Pourquoi est-il nécessaire d’avoir un rayon de supermarché proposant une vingtaine de mayonnaises différentes ? Pourquoi faut-il un smartphone pour ouvrir un compte bancaire ? Je quittais un univers gouverné par le vent et la culture du riz, un monde réglé par la discipline de la méditation et les dévotions au Bouddha, où tout me paraissait simple, logique, élémentaire, pour me retrouver coincé dans ce labyrinthe d’absurdités modernes, comme une sorte de mauvais jeu pris trop au sérieux.

« Le temple, c’est votre vie tout entière »

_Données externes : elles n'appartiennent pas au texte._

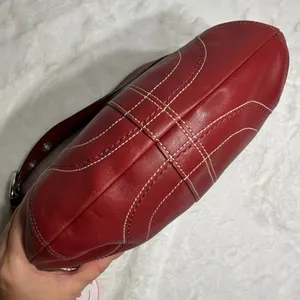 Y2k COACH F10908 Red Solo Hobo Shoulder Bag thumbnail 4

Et pourtant. Rien de bien différent de mon quotidien au temple. Car qu’ai-je retenu de ces années, plongé dans la discipline monastique, loin du bruit du monde ? Peut-être que la notion même de monde ne fait pas grand sens. Si nous méditons chaque matin et chaque soir, que nous suivons un rythme si calibré et militaire, c’est d’abord parce qu’il n’y a rien à trouver dans notre pratique, rien à comparer, rien à attendre, rien d’autre que la vie ici et maintenant. La routine monastique nous force à revenir vers cette vie, encore et encore, comme une source inépuisable qui jamais ne libère la même eau.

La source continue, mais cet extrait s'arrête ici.